Problem :
A straight line L with negative slope passes through the point (8,2) and cuts the positive coordinate axes on points P and Q . As L varies find the absolute minimum value of OP + OQ ( O is origin ) .
My approach :
Let us assume points P and Q as P(0, a sin$\theta) , Q ( acos\theta, 0)$ and after that can we find the distance of OP and OQ , but this wont work as I am not getting value of $\theta$ Please suggest how to proceed thanks.
On
My Solution:: Let the equation of the line be $\displaystyle \frac{x}{a}+\frac{y}{b}=1$. Given that the line passes through the point $(8,2)$ and its slope is negative, that means $a,b>0$, and put $x=8,y=2$ in $$\frac{x}{a}+\frac{y}{b}=1$$
We get $$\frac{8}{a}+\frac{2}{b} = 1.$$
Now using the Cauchy-Schwarz inequality ......

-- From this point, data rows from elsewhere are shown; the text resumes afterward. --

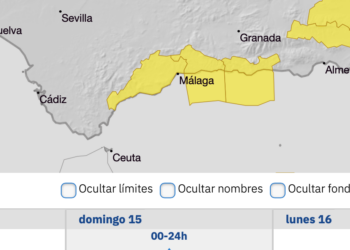 La AEMET prolonga los avisos amarillos por viento en la Costa del Sol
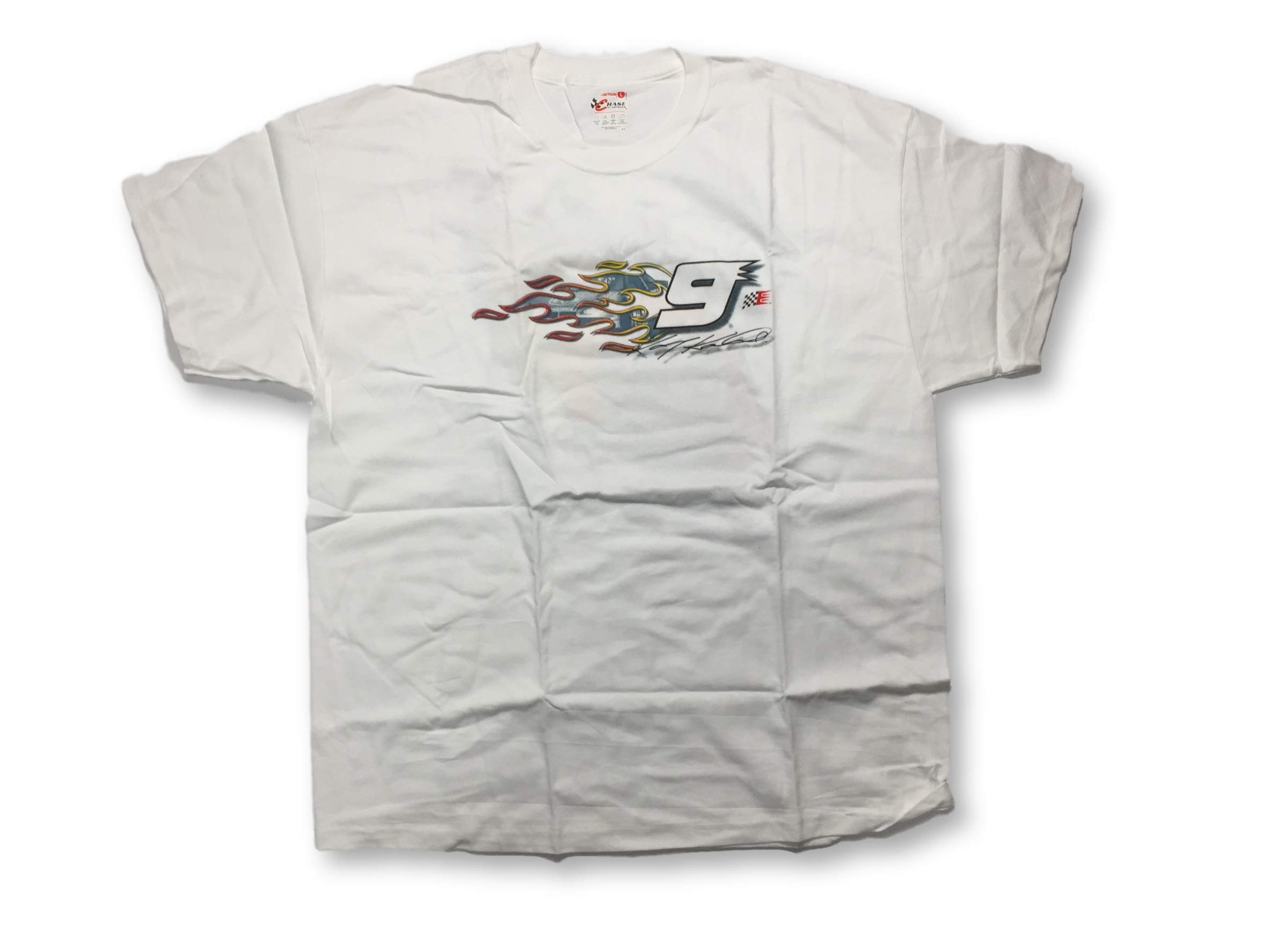 NASCAR Kasey Kahne #9 Rookie Year Fire Flames Series Vintage 2 Sided Trackside T-Shirt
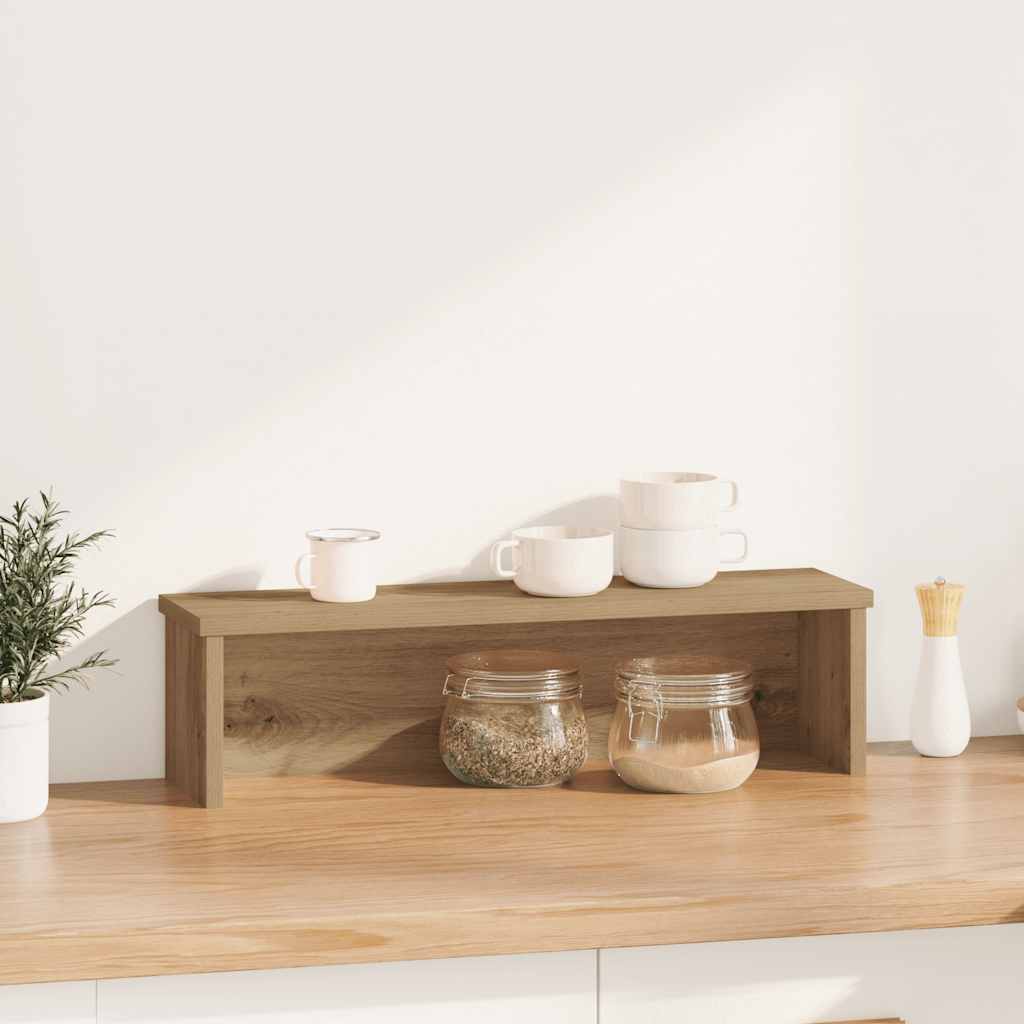 Konyhai állvány rakodható Artisan tölgy 60x15x16 cm műfa 2
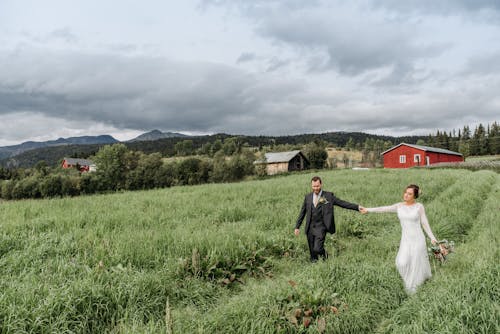 Ilmainen kuvapankkikuva tunnisteilla käsi kädessä, kävely, morsian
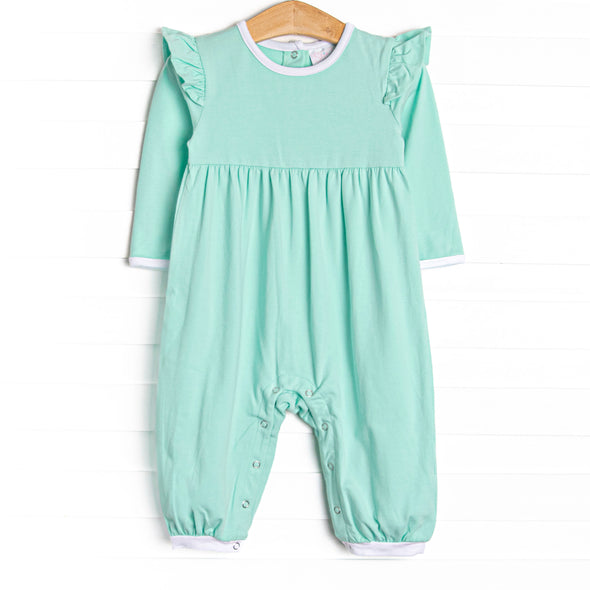Gracie Romper, Mint Green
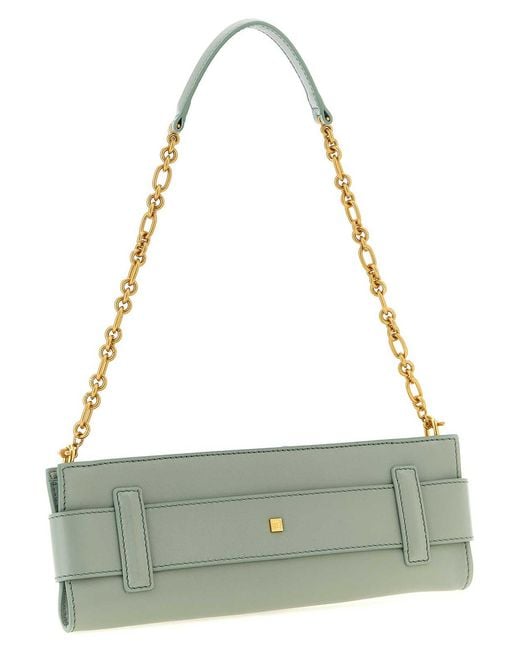 Balmain Green Clutch
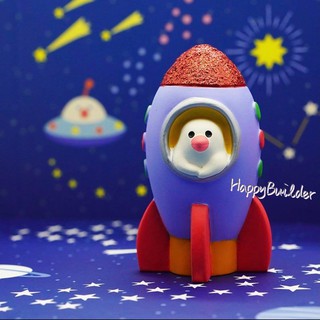 ☆現貨☆日本正版DECOLE concombre 七夕IN SPACE 宇宙旅貓系列 火箭文鳥賣場 擺飾 【快樂兒】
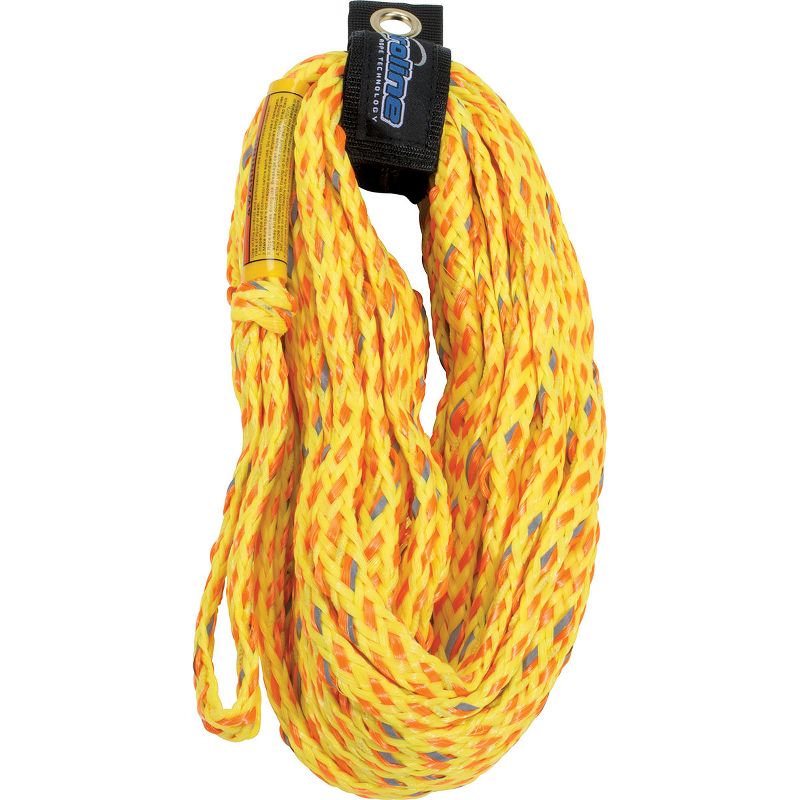 CWB ProLine 60-Foot 3/8-Inch Braided Floating 2-Rider Tube Rope, Orange/Volt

$$\Rightarrow \frac{\left(2\sqrt{2}\right)^2}{a}+\frac{\left(\sqrt{2}\right)^2}{b}\geq \frac{(2\sqrt{2}+\sqrt{2})^2}{a+b} = \frac{18}{a+b}$$.
So we get $$a+b\geq 18,$$ Where $a=OA.$ and $b=OB$.
Let the x and y-intercept be $a$ and $b$ respectively.
Equation of line :
$L:\frac{x}{a}+\frac{y}{b}=1$
It passes through $S(8,2)$
$\frac{8}{a}+\frac{2}{b}=1$
$b=\frac{2a}{a-8}$
Let $z=a+b$
$z=a+\frac{2a}{a-8}$
$=\frac{a^2-6a}{a-8}$
Now find minimum value of $z$ by derivative technique.
Can you solve it from here?